Last night Lyn and I finished the latest draft of the entire book. We’re getting close. One more draft before the semester begins and we’ll be ready to send it out to potential publishers.
About 300 pages at this point. 95,000 words. Neither number reveals what a complex task this has been.
Table of Contents
Constructing the Meaning of Barbed Wire in the Late Nineteenth Century
“Infernal Machines”: Newspapers and Magazines Debate the Meaning of Barbed-Wire Fences
“Secure and Safe Alike”: Legislative Challenges and Inventive Responses
“The Perfect Fence”: Selling Barbed Wire
The Barbed-Wire Motif in Literature
“Don’t Fence Me In”: Barbed Wire in the Western
“Intimate Fences”: Barbed Wire in the New West
“The Thorny Fence”: Reifying the Religious Metaphor
“I Helped Him Build His Own Fences”: Native Americans Cut the Wire, Cut the Lies
About Scott Abbott
I received my Ph.D. in German Literature from Princeton University in 1979. Then I taught at Vanderbilt University, BYU, and Utah Valley State College. At Utah Valley University, I directed the Program in Integrated Studies for its initial 13 years and was also Chair of the Department of Humanities and Philosophy for three years. My publications include a book on Freemasonry and the German Novel, two co-authored books with Zarko Radakovic (REPETITIONS and VAMPIRES & A REASONABLE DICTIONARY, published in Serbo-Croatian in Belgrade and in English with Punctum Books), a book with Sam Rushforth (WILD RIDES AND WILDFLOWERS, Torrey House Press), a "fraternal meditation" called IMMORTAL FOR QUITE SOME TIME (University of Utah Press), and translations of three books by Austrian author Peter Handke, of an exhibition catalogue called "The German Army and Genocide," and, with Dan Fairbanks, of Gregor Mendel's important paper on hybridity in peas. More famously, my children are in the process of creating good lives for themselves: as a model and dance/yoga studio manager, as a teacher of Chinese language, as an ecologist and science writer, as a jazz musician, as a parole officer, as a contractor, as a seasonal worker (Alaska and Park City, Utah), and as parents. I share my life with UVU historian Lyn Bennett, with whom I have written a cultural history of barbed wire -- THE PERFECT FENCE (Texas A&M University Press). Some publications at http://works.bepress.com/scott_abbott/
Perfect title. The irony of it is piercing…i hope some of that sting is in the book itself. Congratulations to the two of youse, in advance..

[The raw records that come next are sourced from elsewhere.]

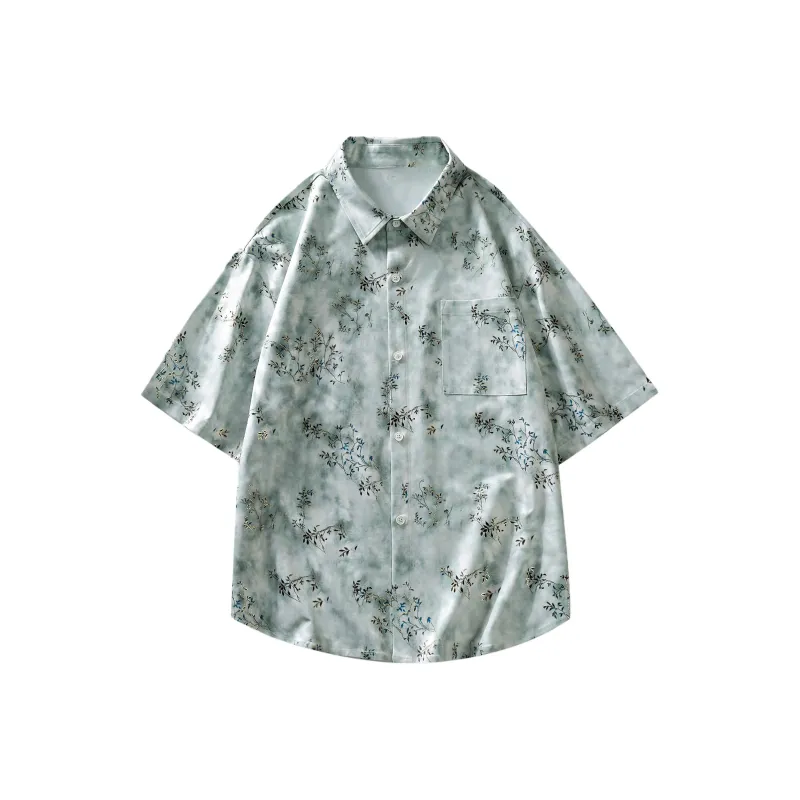 Paddy Julia Shirts Unisex-14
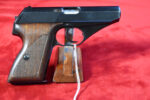 WED AUG 5, VERY CHOICE, GERMAN ARMY MAUSER HSc PISTOL, EAGLE /135 PROOFED, 1941 HIGH GRADE COMMERCIAL FINISH, RARE VARIANT, VERY SHARP! 1970's PAWN SHOP COLLECTION - Image 3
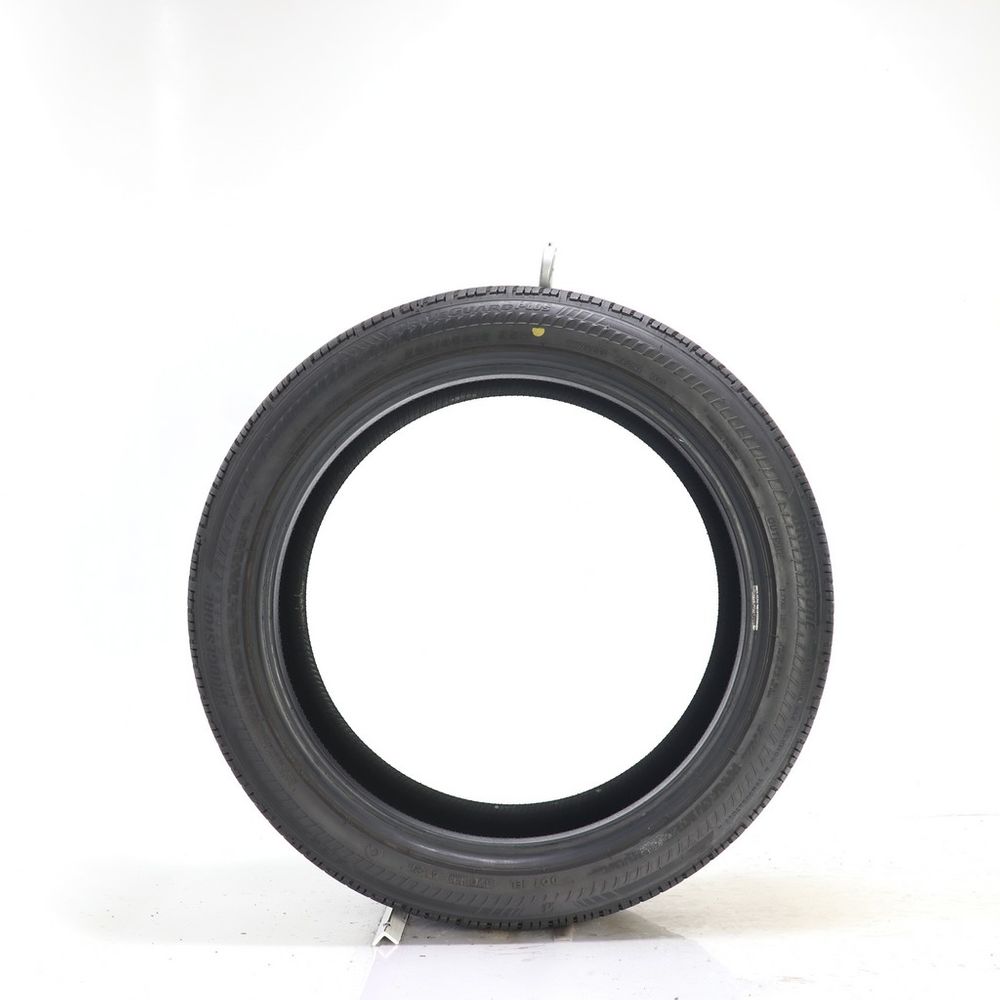 Set of (2) Used 225/45R18 Bridgestone DriveGuard Plus RFT 95W - 7.5-9/32 - Image 6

thanks alex. the title comes from a story by annie proulx in which a octogenarian fighting the entropies of his life remembers the intimate fences he built as a young man. we just got a request yesterday from texas a&m press to send them the finished manuscript. that’s a big step for us. we’ll have it for them before the semester begins if we keep moving at the pace we’re on.